Chinese producer prices rose at their swiftest pace in more than five years last month, the Chinese government said yesterday, a sign the world’s factory could begin exporting inflation to the global economy.
The producer price index (PPI) rose 5.5 percent year-on-year last month, the Chinese National Bureau of Statistics said, far more than economists’ expectations of 4.6 percent in a Bloomberg News survey.
It marked the fourth straight month of price rises for goods at the factory gate after years of declines and an acceleration from the previous month’s 3.3 percent, raising expectations China’s factories could put upward pressure on global prices through the supply chain.
Rising prices for industrial commodities helped support the forecast-beating PPI figures, the bureau said, as world producers cut supply.
The consumer price index (CPI), a key gauge of retail inflation, rose 2.1 percent year-on-year last month, slightly below expectations.

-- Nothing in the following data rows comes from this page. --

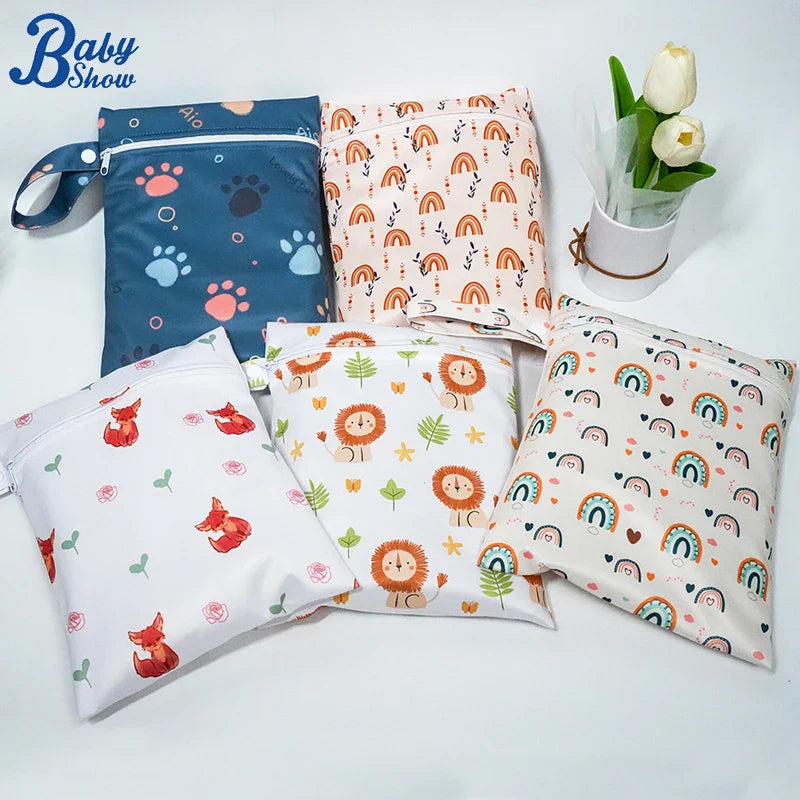 Waterproof PUL Wet/Dry Diaper Bag 20 x 25 cm (7.9 x 9.8 in) Travel Stroller Mini Handbag with Zipper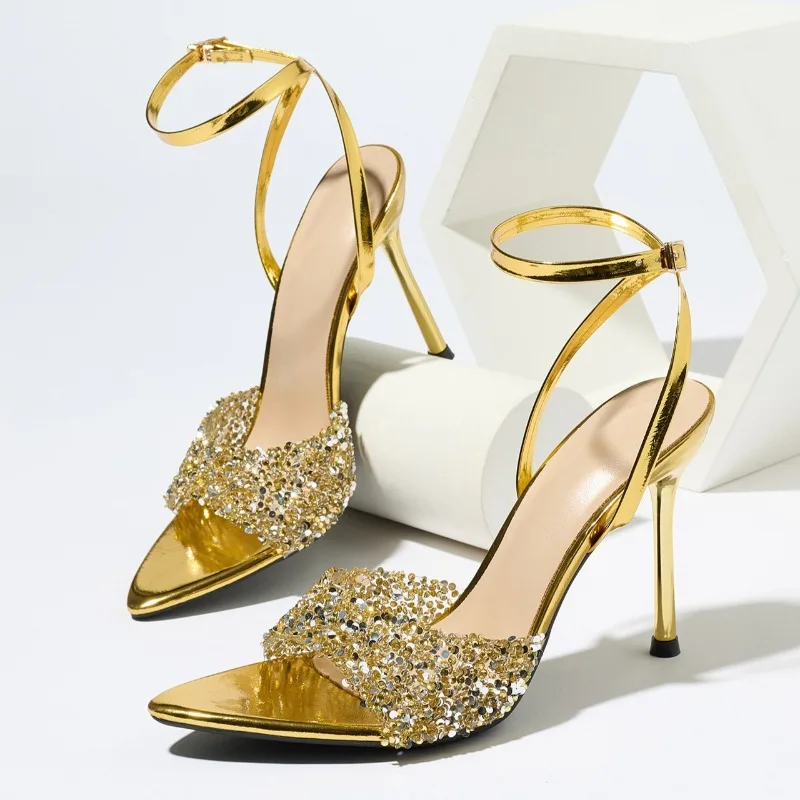 

Летние блестящие туфли на высоком каблуке с стразами, женские сексуальные босоножки из ПВХ с острым носком и открытым каблуком, роскошные золотые туфли-стилето с ремешком на щиколотке для свадьбы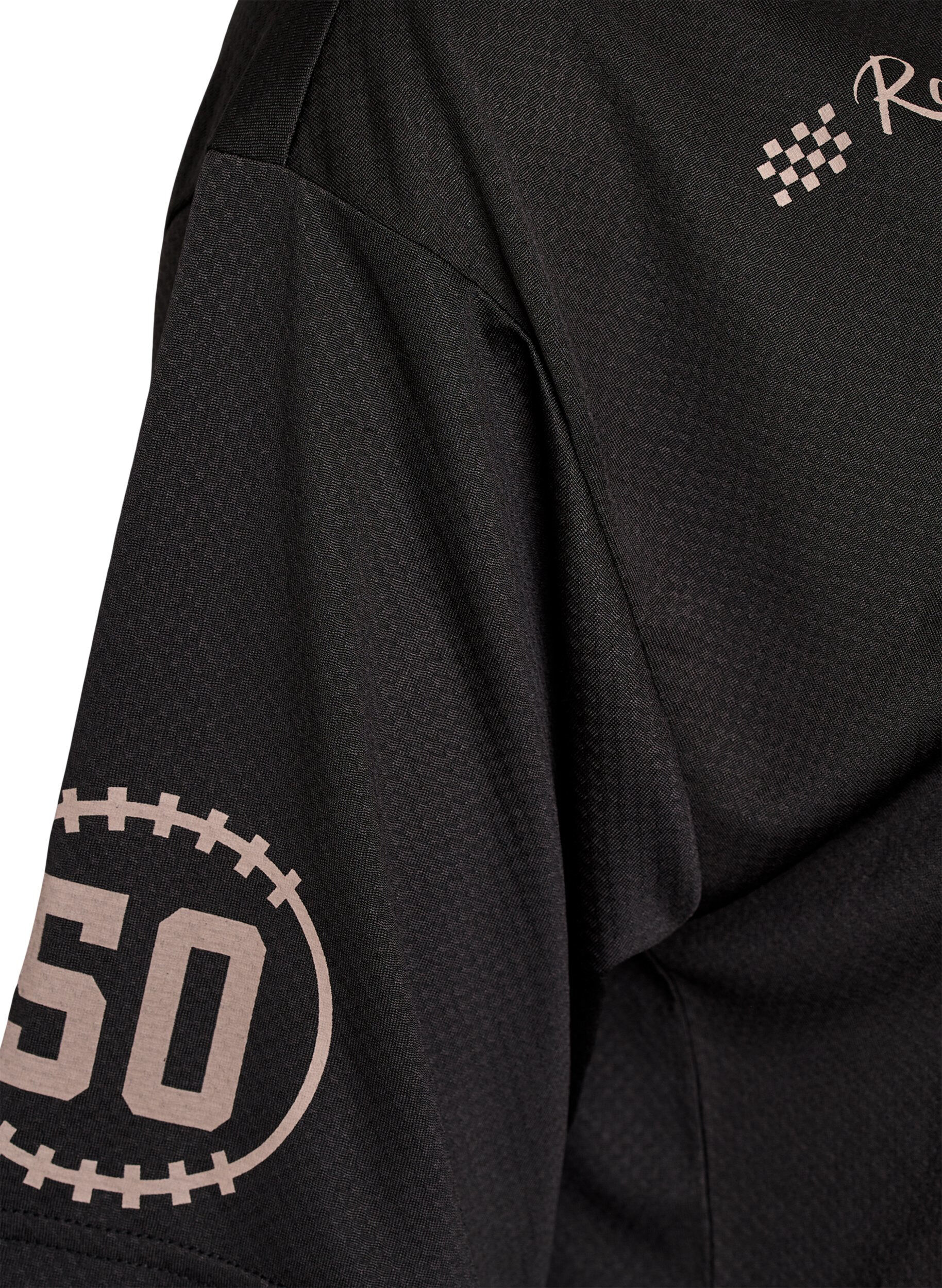 Zizzi Sportowa koszulka z dekoltem w szpic i nadrukiem w stylu wyscigowym, Czarne, Packshot image number 3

The figures were affected by warmer temperatures across China, which led to weaker-than-average price increases for fresh fruit and vegetables, the bureau said in a statement.
China is the world’s biggest trader in goods and its performance affects its trading partners from Australia to Zambia, many of which have been mired in tepid inflation for years, which has in turn caused a drag on the global economy.
Chinese firms have been battered by falling prices for their goods in the face of chronic overcapacity and weak demand, putting a damper on growth in the nation.
Protracted falls in factory-gate prices are a bad sign for industrial prospects and economic growth because they put off customers — who seek to delay purchases in anticipation of cheaper deals — starving companies of business and funds.
The ongoing rebound in producer prices could help boost China’s nominal GDP growth this year, Nomura said in a note, though real growth “still faces plenty of headwinds.”